3. Plaintiff filed two grievances over his missing property. One was denied on the merits, the other was dismissed by Defendant Shaylor because Plaintiff had previously filed a grievance with respect to the same issue, which was still pending at the time. Pl's Dep. 95:23-97:24.
4. Plaintiff raises arguments in response to Defendants' motion for summary judgment in his second motion even though it is titled as a motion for summary judgment. In his first motion for summary judgment, Plaintiff included exhibits, but mostly explained the factual background of his case in detail.
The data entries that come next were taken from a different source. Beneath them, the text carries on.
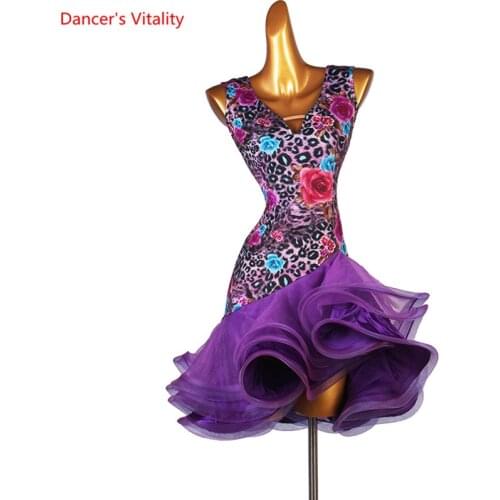 Latin Dance Dress V-Neck Printing Skirt Profession Custom Female Adult Child Elegant Performance Clothes Competition Clothing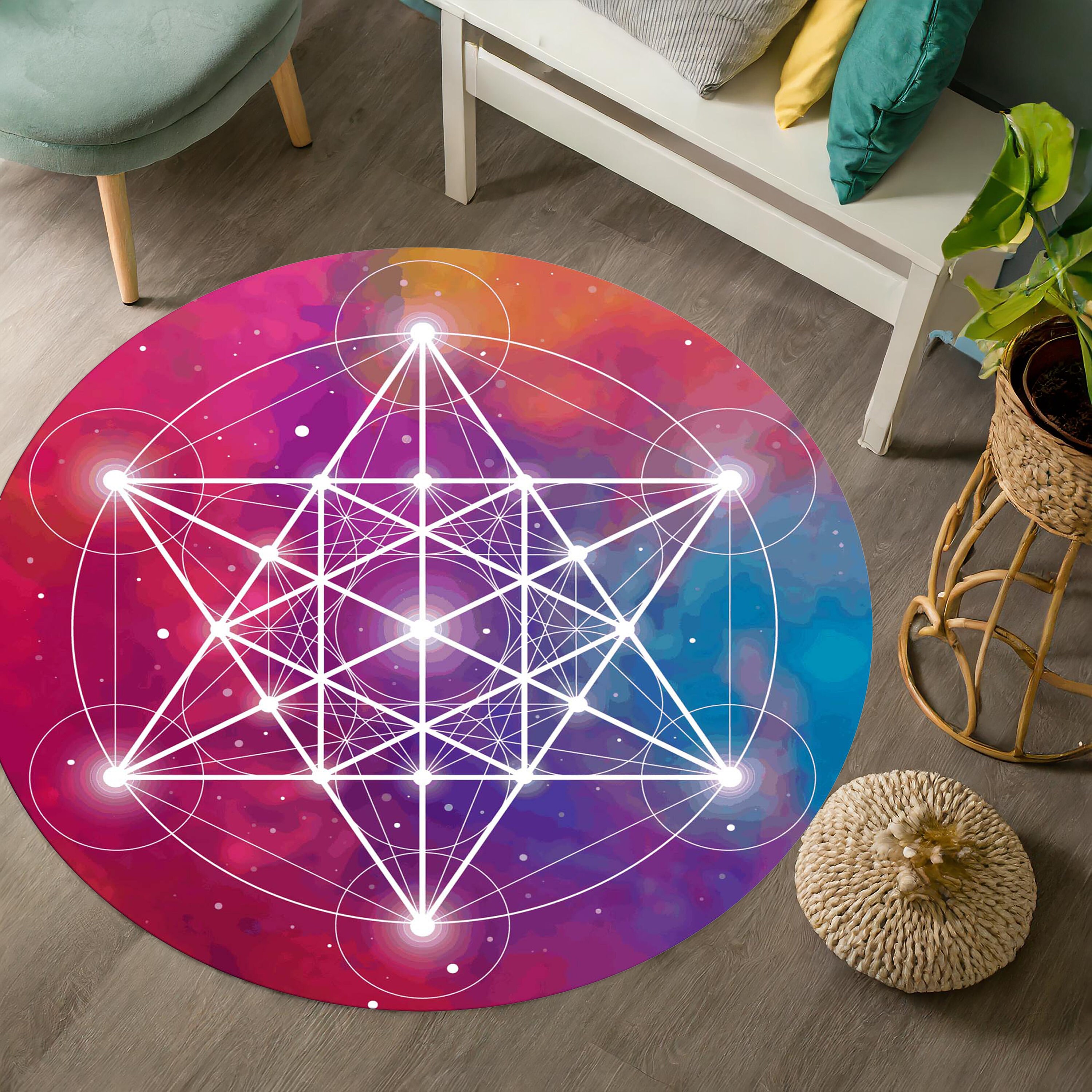 Metatron Cube Rug Metatron Cube Round Rug: Sacred Geometry Spiritual Floor Decor - Etsy
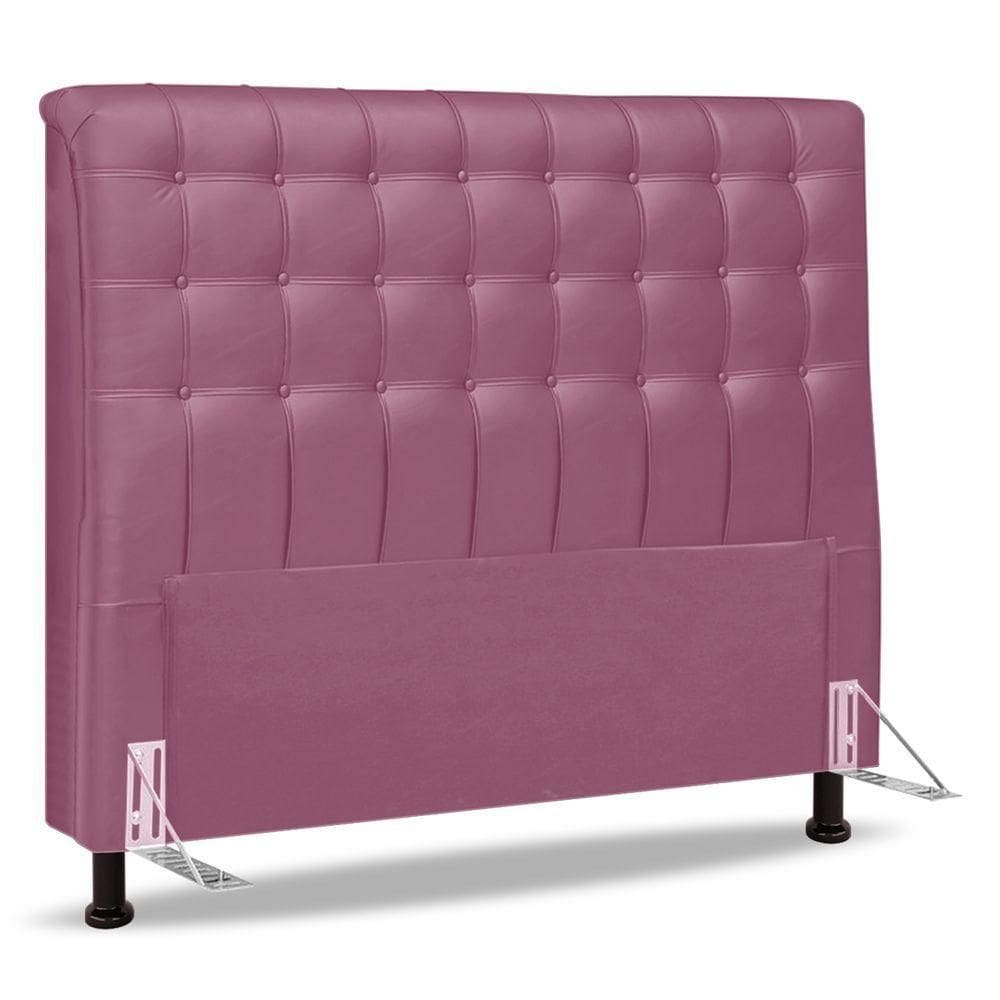Cabeceira Cama Box Casal Ciara 140cm Botonê Com Frame Suede Rosa - Abmaza
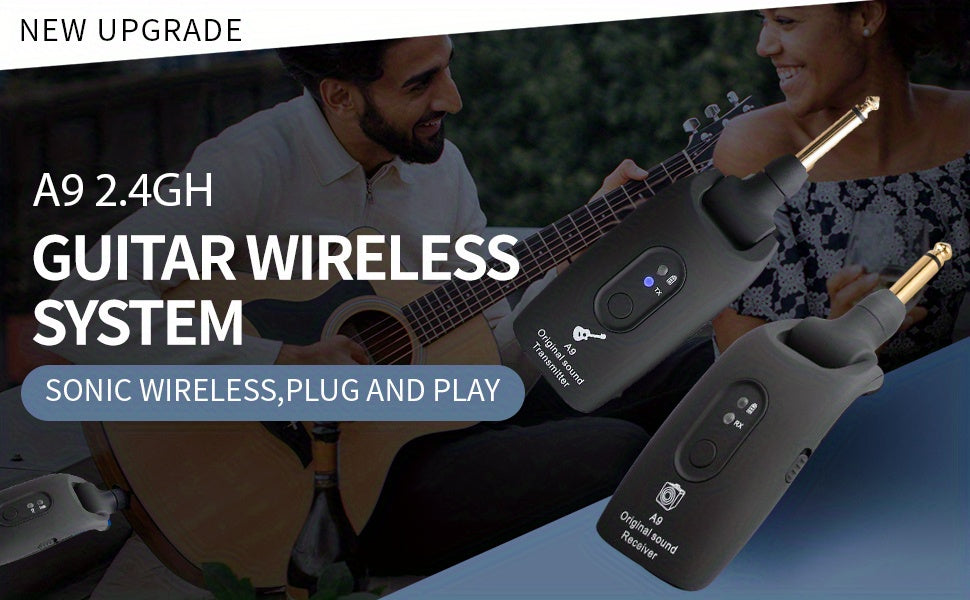 Wireless Guitar System 2.4GHz with Rechargeable Battery - Low Latency Audio Transmitter & Receiver for Electric Guitar, Acoustic, Bass, Violin & Keyboard, Plug & Play Instrument Wireless Kit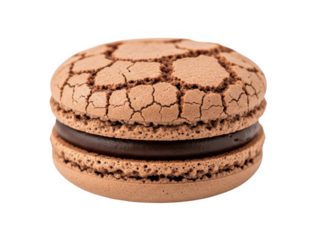 Chocolate macaron isolated on transparent background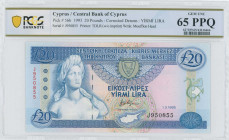 CYPRUS: 20 Pounds (1.3.1993) in deep blue on multicolor unpt with bust of Aphrodite at left. S/N: "J 950855". Variety: Corrected "YiRMi LiRA". WMK: Mo...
5. Even if Plaintiff had produced evidence indicating the personal involvement of any of the listed Defendants, Plaintiff was neither denied access to courts nor due process due to the alleged deprivation of his property. To establish a denial of access to the courts claim, an inmate must put forth evidence that he suffered an actual injury to his ability to litigate a nonfrivolous claim. Lewis v. Casey, 518 U.S. 343, 352-53 (1996). An actual injury exists where a nonfrivolous arguable claim is lost and "cannot now be tried." See Christopher v. Harbury, 536 U.S. 403, 415 (2002). Importantly, where an inmate does not allege actual injury to his ability to litigate a claim, his constitutional right of access to the courts has not been violated. Lyons v. Sec'y of Dep't of Corrections, 445 Fed. App'x 461, 464 (3d Cir. 2011). Here, Plaintiff does not allege that he suffered an actual injury to his ability to litigate a nonfrivolous claim. While Plaintiff alludes to a DNA report relevant to the death of the mother of his child in 1990, he does not sufficiently explain how the absence of this report affects his conviction, sentence, or conditions of confinement. See Pl.'s Dep. 30:15-43:3; see also Lewis, 518 U.S. 343 at 354 (holding that an inmate's fundamental constitutional right to access to the courts is "limited to the filing of direct criminal appeals, habeas petitions, and civil rights actions"). Thus, Defendants would also have been entitled to summary judgment on the merits of Plaintiff's constitutional claim of denial of access to the courts.

Defendants would also be entitled to summary judgment on the merits of Plaintiff's due process claim of deprivation of property because adequate remedies were available to Plaintiff to address the unauthorized deprivation of property. "`[A]n unauthorized intentional deprivation of property'" by prison officials does not violate the Due Process Clause "`if a meaningful postdeprivation remedy for the loss is available.'" Monroe v. Beard, 536 F.3d 198, 210 (3d Cir. 2008) (quoting Hudson v. Palmer, 468 U.S. 517, 533 (1984)). Here, the prison had an administrative grievance process for Plaintiff's alleged loss of property, and he sought redress through that process before seeking redress from this Court. See Compl. 19-27. As due process requires nothing further, Defendants would have also been granted summary judgment on Plaintiff's claim of deprivation of due process. See Tillman v. Lebanon Cnty. Corr. Facility, 221 F.3d 410, 422 (3d Cir. 2000) (holding that prison's grievance program and internal review provided an adequate postdeprivation remedy to satisfy due process).